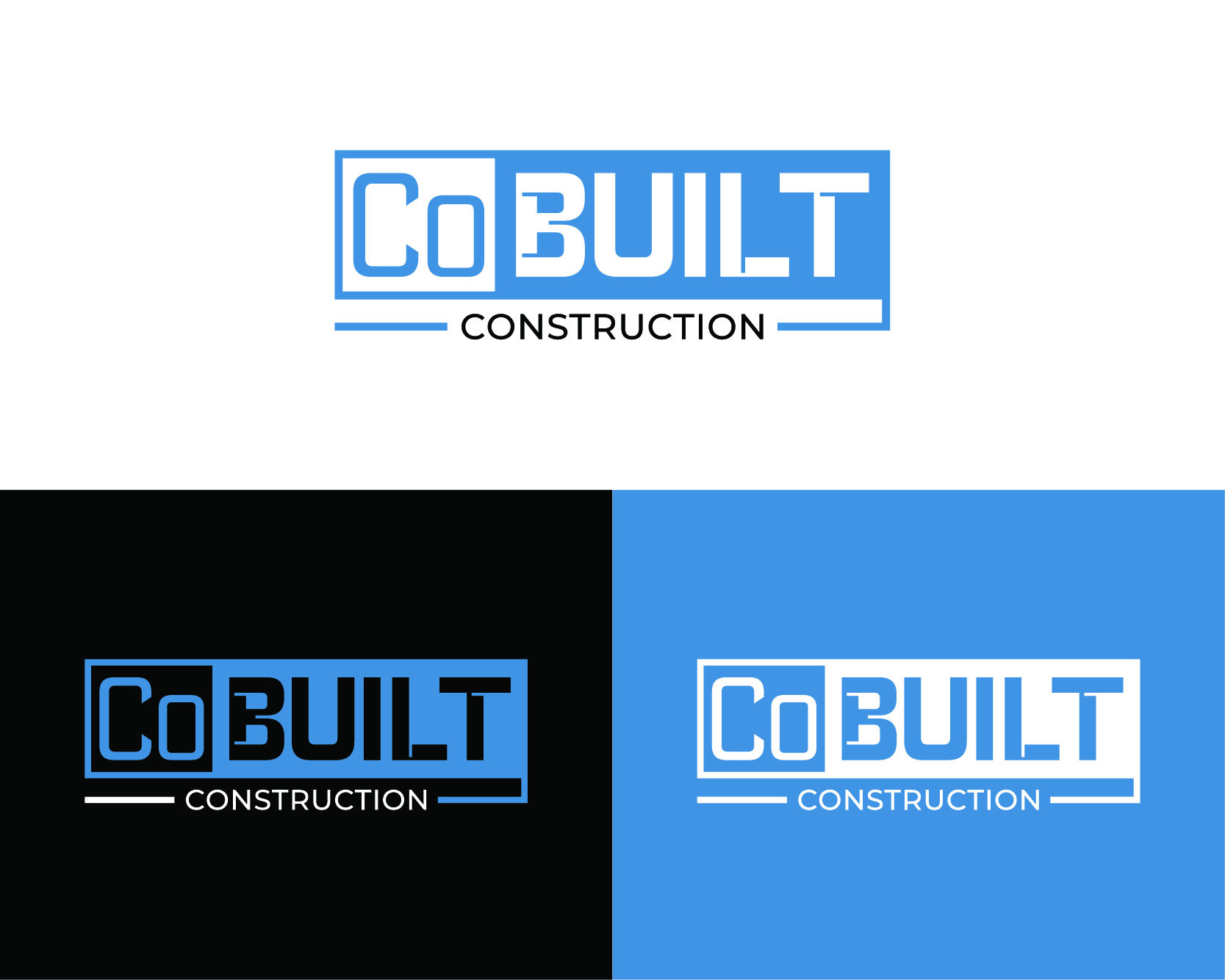 Logo Design by BANI GD for CoBUILT CONSTRUCTION | Design #35039172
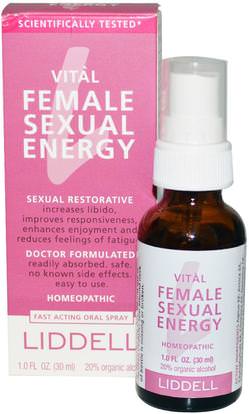 Liddell, Vital, Female Sexual Energy, Fast Acting Oral Spray, 1.0 fl oz (30 ml) ,المكملات الغذائية، المثلية، المرأة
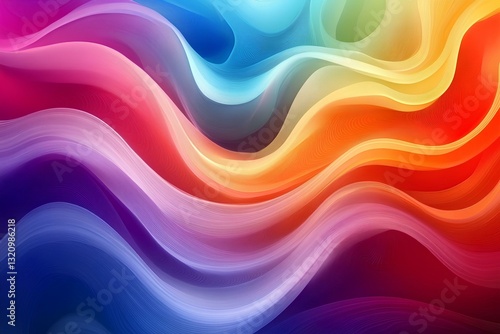 abstract colorful background with waves. Generative AI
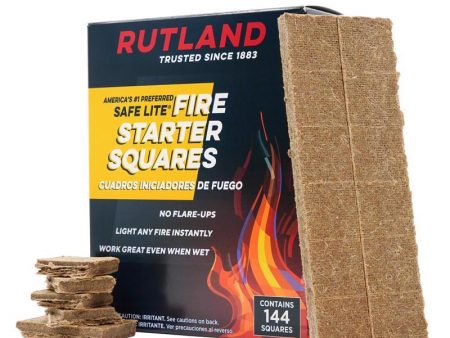 Rutland Safe Lite Wood Fire Starter 10 min 144 pk Cheap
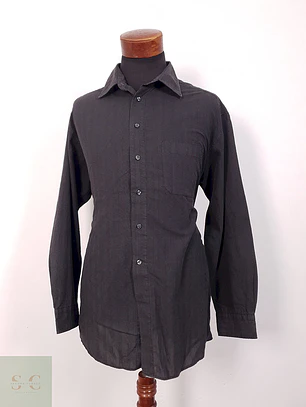 Camisa negra lisa - Talla XL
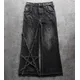 Y2k Gothic Baggy Jeans Frauen Vintage bestickte hochwertige Jeans Hip Hop Harajuku Streetwear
____________________
• **EXERCISE REQUIREMENTS**
Please retype the lines from the one that contains "Liddell, Vital, Female" to the final line of the records, both included, exactly as written and without any pictures.

• **SOLUTION FOR THIS TASK**
 Liddell, Vital, Female Sexual Energy, Fast Acting Oral Spray, 1.0 fl oz (30 ml) ,المكملات الغذائية، المثلية، المرأة
 abstract colorful background with waves. Generative AI
 Rutland Safe Lite Wood Fire Starter 10 min 144 pk Cheap
 Camisa negra lisa - Talla XL
 Y2k Gothic Baggy Jeans Frauen Vintage bestickte hochwertige Jeans Hip Hop Harajuku Streetwear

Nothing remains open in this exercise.